**Task brief**
Your copy should repeat the data that follows exactly and contain no image.

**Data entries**
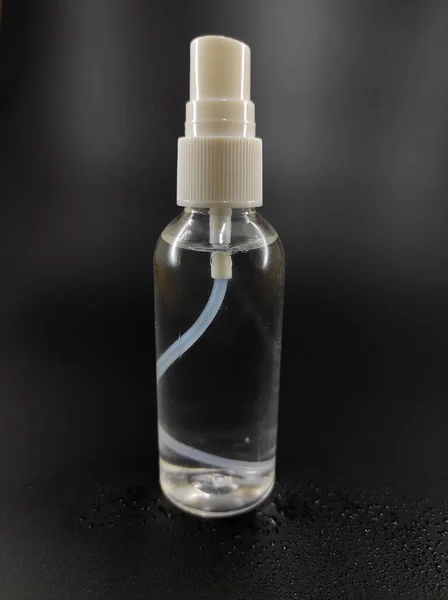 黒い背景に単離されたハンドサニタイザー液体を含むボトルの写真ではなく フォーカス — ストック写真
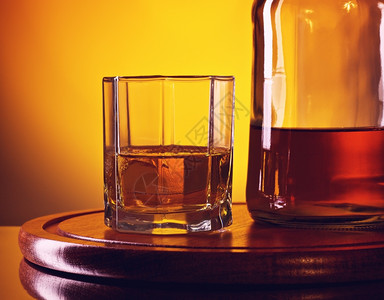 醉威士忌酒杯玻璃和一瓶威士忌黄色背景的威士忌瓶酒精玻璃器皿图片
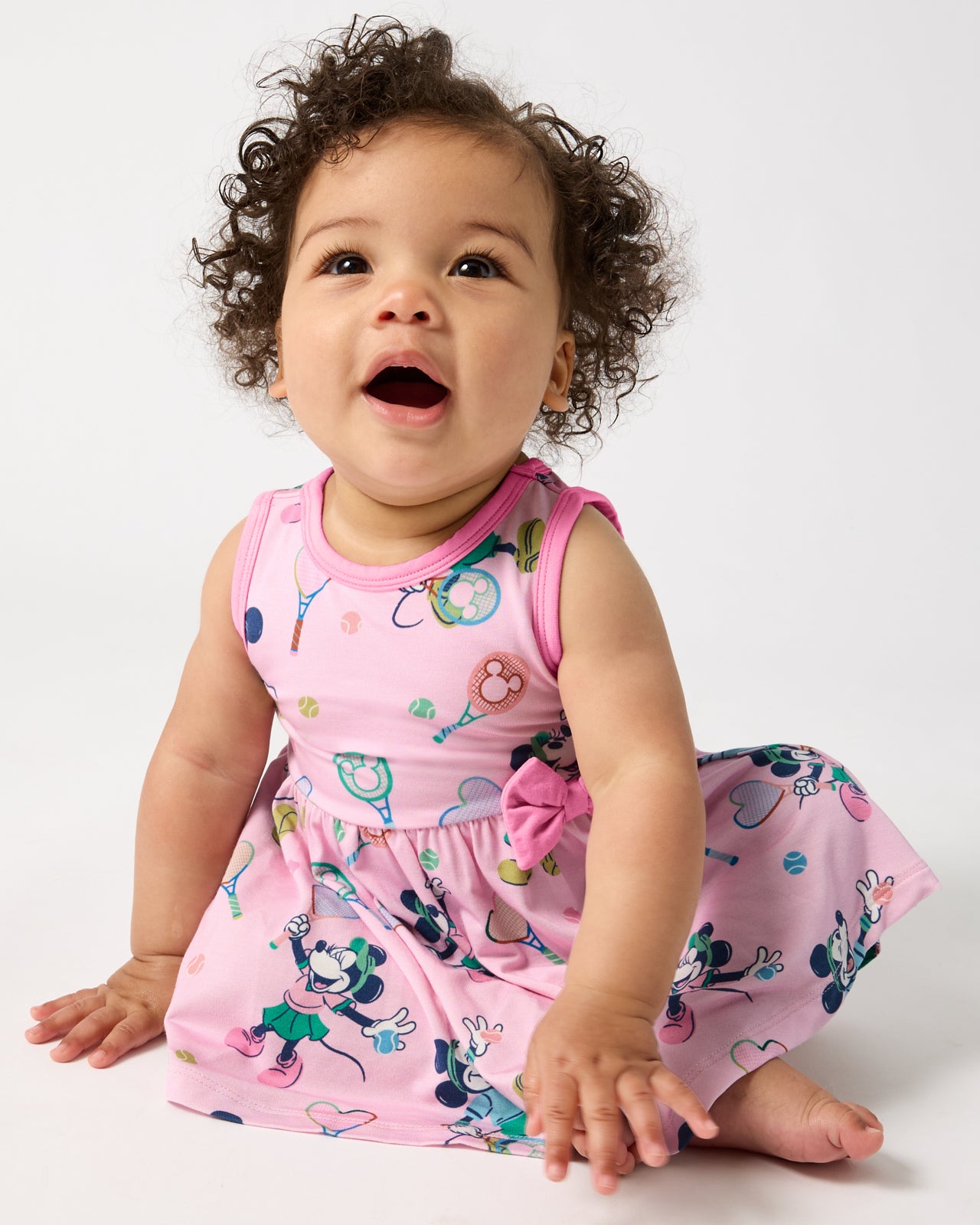 Sitting baby wearing the Disney Mickey Mouse & Minnie Mouse Match Twirl Dress with Bodysuit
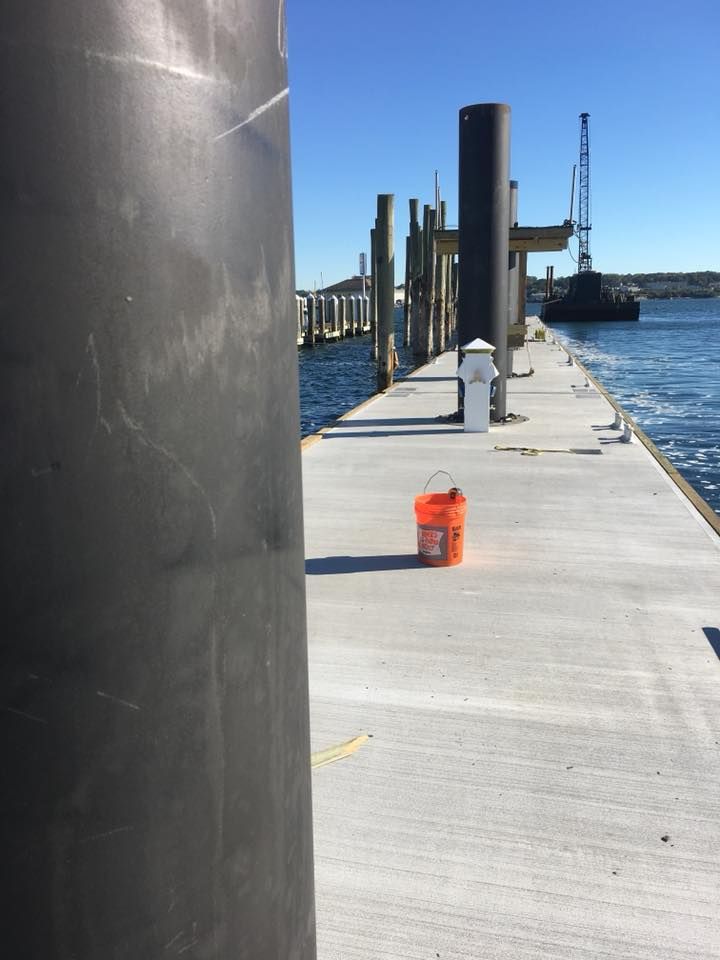 A bucket is sitting on a dock next to a pole.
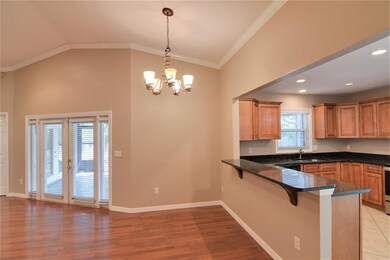 Great Room open to Dining and Kitchen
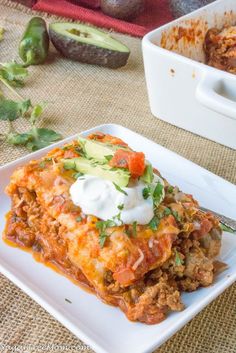 an enchilada casserole with sour cream on top is sitting on a white plate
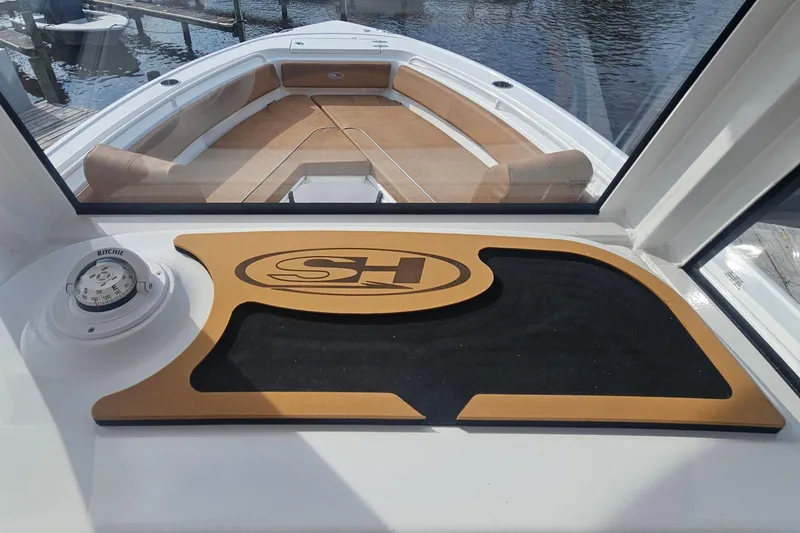 Slide: The Image of 2027 Sea Hunt Ultra 239 SE boat interior with compass and logo mat. - 21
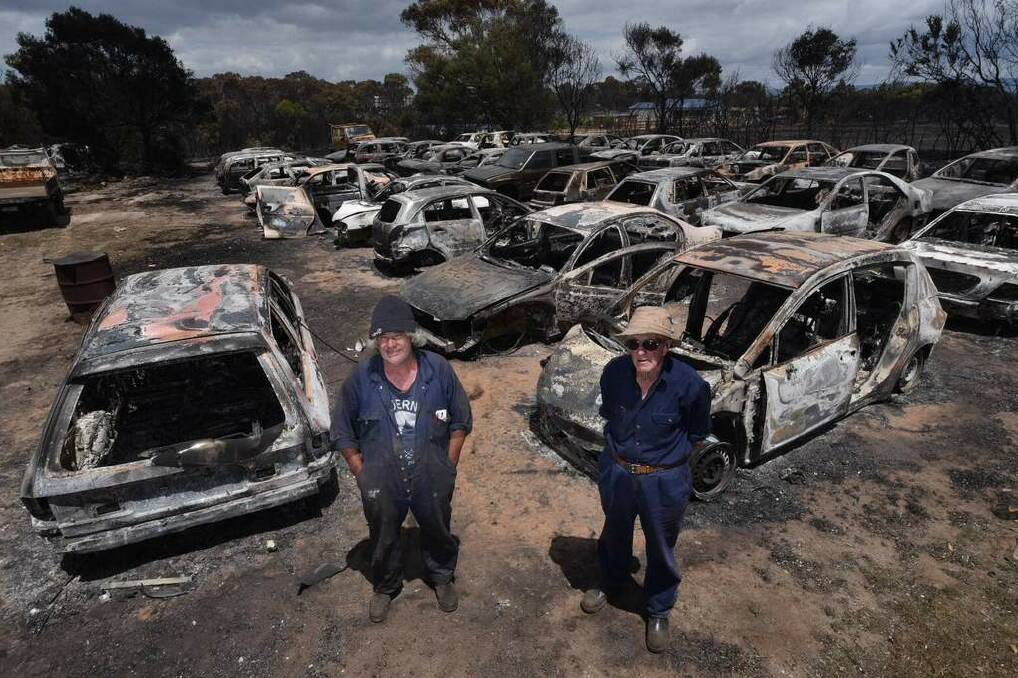 Michael Baker, from the George Town wrecking yard, speaks to reporter Michelle Wisbey and photographer Scott Gelston about the impact the bushfire had on his business. He estimated between 200 and 300 cars were burnt in the fire - about half of his stock. Michael is pictured with his dad, Patty. Picture: SCOTT GELSTON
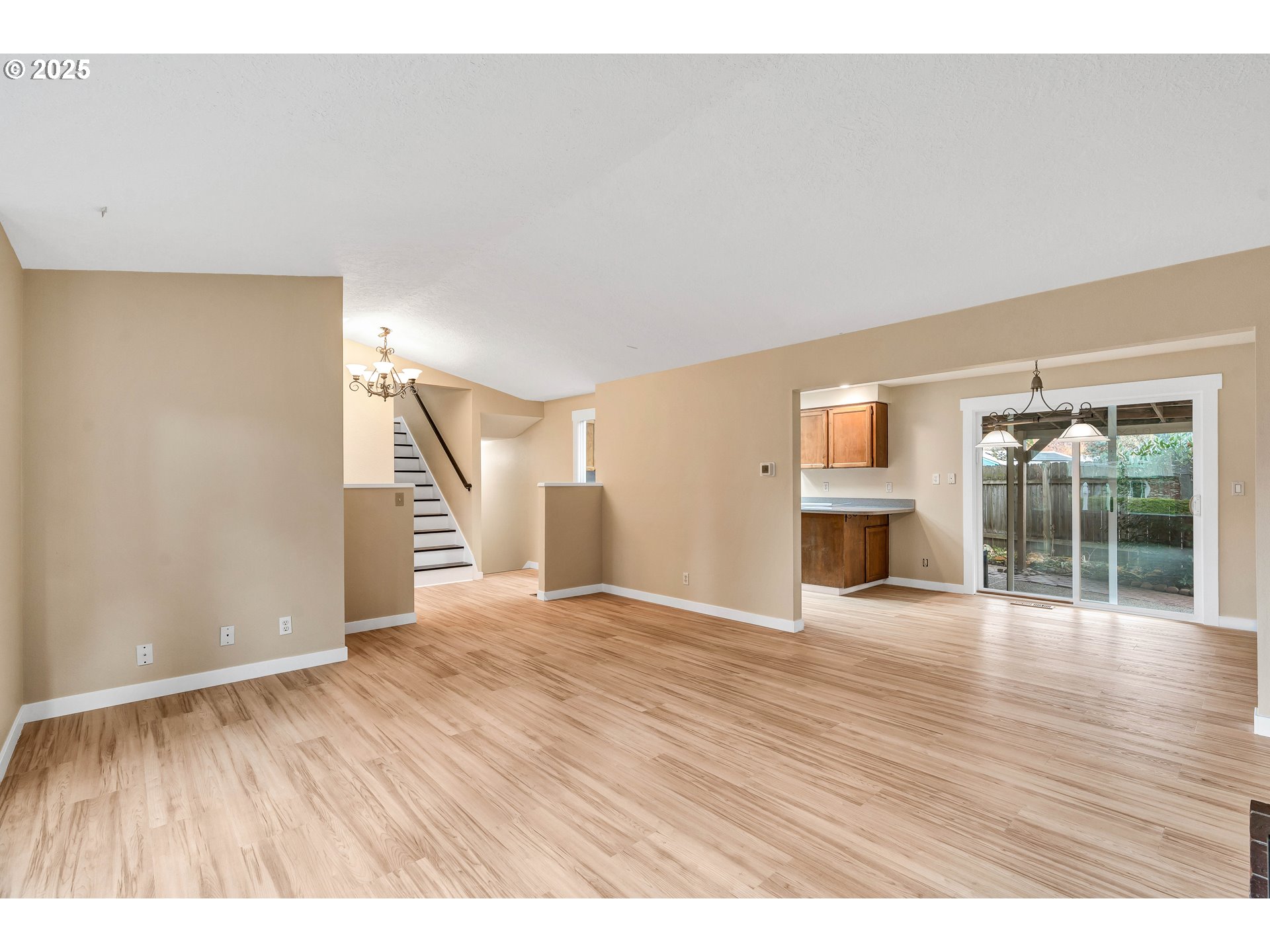 814 Northeast 196th Avenue Portland, OR 97230 - Photo 8 of 44 a view of an empty room with wooden floor and a window
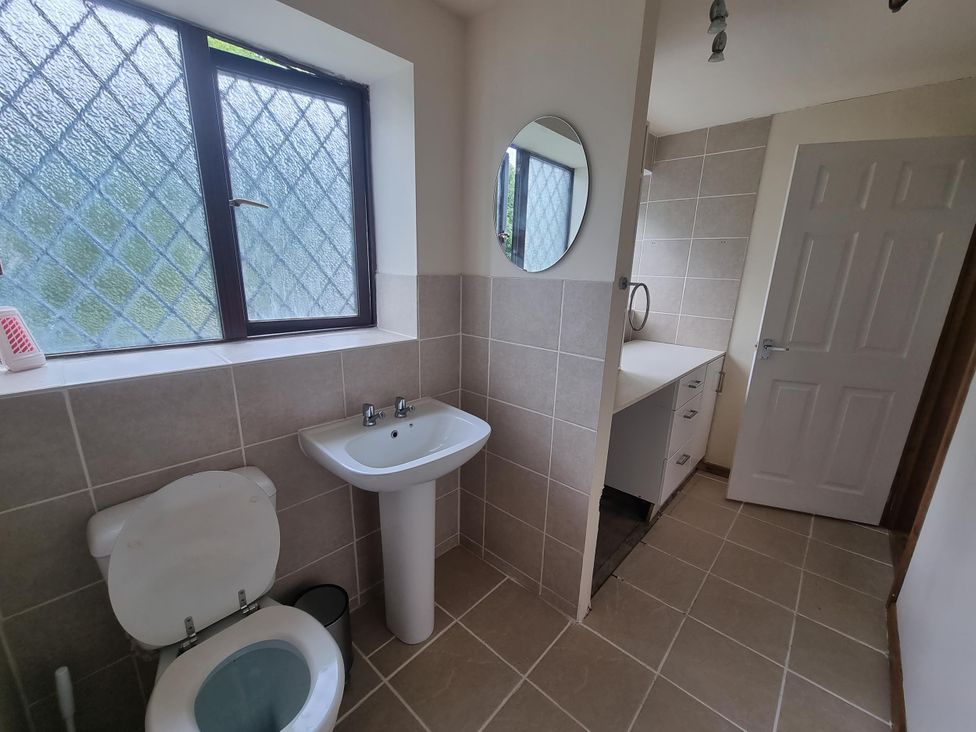 A bathroom with a toilet, sink, and mirror at the property in location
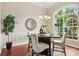 Cozy dining area offering hardwood floors, pendant lighting, and a decorative wall mirror at 2708 Coastal Range Way, Lutz, FL 33559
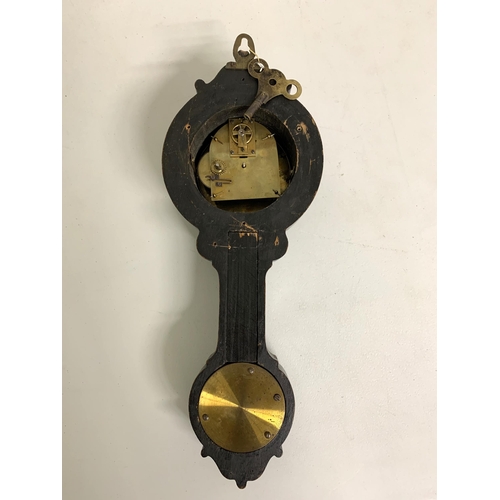 70 - A small late 19th/early 20th Century wood cased clock and barometer, complete with key, 14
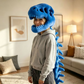 Blue plush dinosaur skeleton head mask worn from the side, jaws open around the face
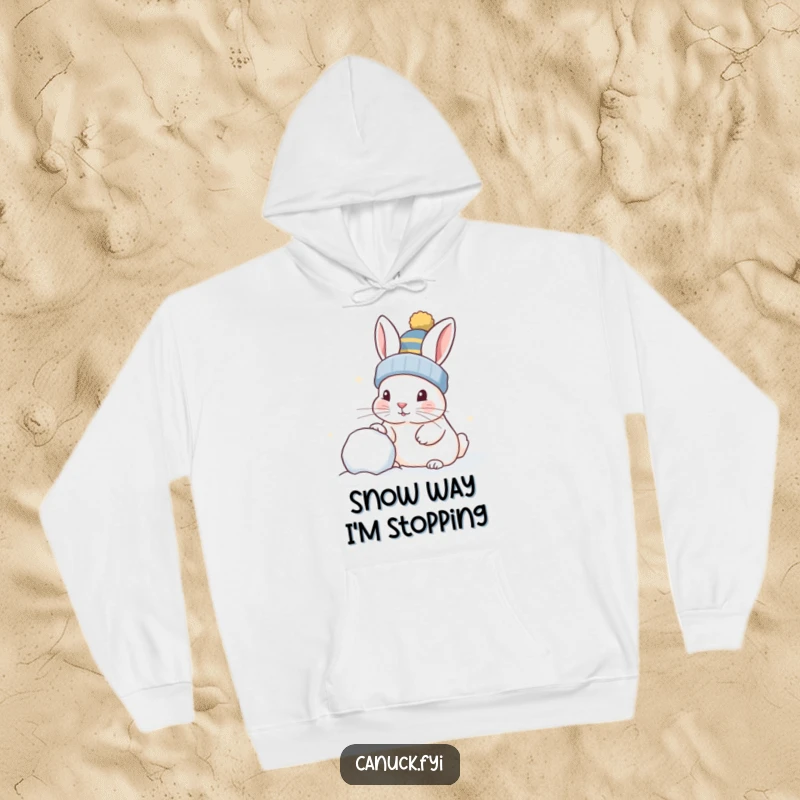 Funny rabbit in a toque, playfully nudging a snowball, cozy hoodie, perfect for winter fans.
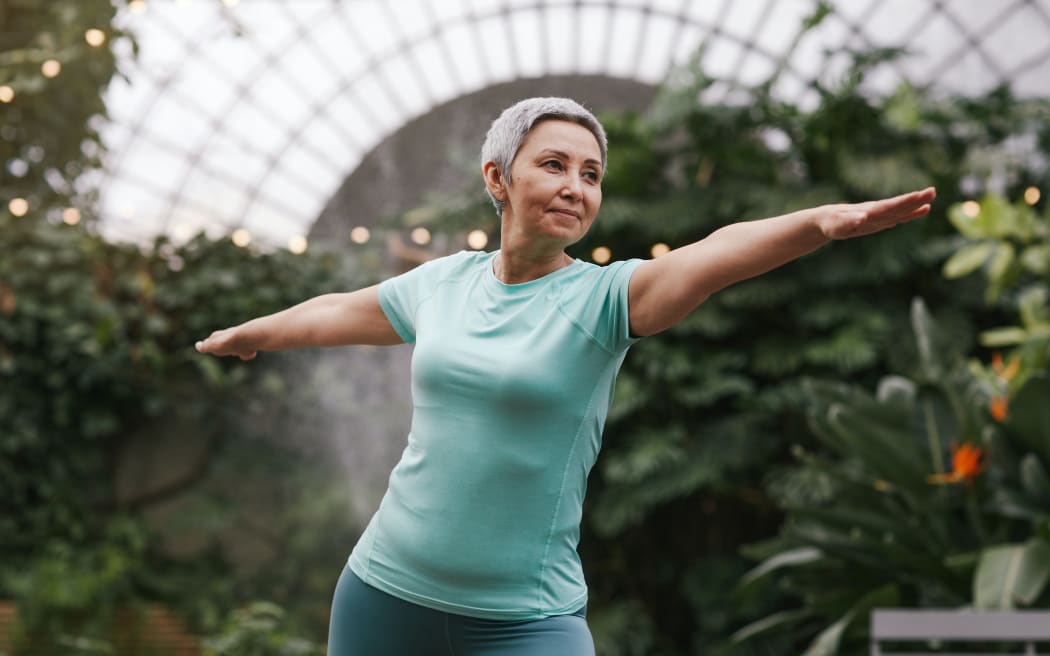 older woman doing yoga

**Answer to this exercise**
 黒い背景に単離されたハンドサニタイザー液体を含むボトルの写真ではなく フォーカス — ストック写真
 醉威士忌酒杯玻璃和一瓶威士忌黄色背景的威士忌瓶酒精玻璃器皿图片
 Sitting baby wearing the Disney Mickey Mouse & Minnie Mouse Match Twirl Dress with Bodysuit
 A bucket is sitting on a dock next to a pole.
 Great Room open to Dining and Kitchen
 an enchilada casserole with sour cream on top is sitting on a white plate
 Slide: The Image of 2027 Sea Hunt Ultra 239 SE boat interior with compass and logo mat. - 21
 Michael Baker, from the George Town wrecking yard, speaks to reporter Michelle Wisbey and photographer Scott Gelston about the impact the bushfire had on his business. He estimated between 200 and 300 cars were burnt in the fire - about half of his stock. Michael is pictured with his dad, Patty. Picture: SCOTT GELSTON
 814 Northeast 196th Avenue Portland, OR 97230 - Photo 8 of 44 a view of an empty room with wooden floor and a window
 A bathroom with a toilet, sink, and mirror at the property in location
 Cozy dining area offering hardwood floors, pendant lighting, and a decorative wall mirror at 2708 Coastal Range Way, Lutz, FL 33559
 70 - A small late 19th/early 20th Century wood cased clock and barometer, complete with key, 14
 Blue plush dinosaur skeleton head mask worn from the side, jaws open around the face
 Funny rabbit in a toque, playfully nudging a snowball, cozy hoodie, perfect for winter fans.
 older woman doing yoga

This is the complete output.